Leadership lagging as crunchtime cometh
July 29, 2008
The share market loses $25 billion because the price of iron ore slumps from stratospheric to extortionate. The government is under siege over carbon, the very issue it was elected to tackle. Fear is everywhere. More people I know have declared themselves suffering from chronic depression in the last twelve months than in the other 38 years of my life. Alan Jones has prostate cancer. John Howard gets burgled.
Is it me or are things weird at the moment?
Here’s how I see it. Australia is going through a nasty adolescence, moving from its childhood rooted in late twentieth century optimism to the starker reality of the Crunch Time twenty first century, from the long boom to the long bust, from the lucky country to a lonely raft adrift on the seas of globalisation with nothing to cling to but its reserves of carbon.
The last decades of the twentieth century suited Australia. The country was literally lifted up and brought closer to the rest of the world by the crash in the price of air travel and telecommunications. The peace and prosperity of the post-Soviet era, and the explosion of economic activity from Asia and China all played to the country’s strengths.

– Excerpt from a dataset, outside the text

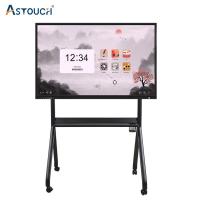 MDM/DMS tableau blanc interactif tout d'écran tactile de 55 pouces dans un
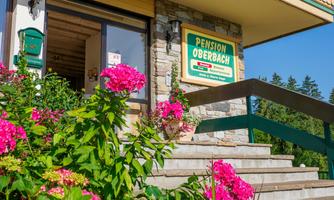 Pension Oberbach, Kaiserwinkl, Kössen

Now we are looking at a scarier picture. Our oceans of coal, gas and oil have turned into poisonous threats to our competitiveness. The price of carbon energy is literally dragging us further away from our loved ones and business contacts overseas by the day. The turmoil overseas, both economic and political is terrifying and beyond our comprehension.
Exatraordinary times need extraordinary leadership. You just wonder whether a government that gets bogged down for over a month on discussions over 5 cents a litre on fuel is capable of delivering it, or, more to the point, whether a governance system that forces leadership to focus on such issues is capable of enabling such leadership. Cut through Mr Rudd, cut through.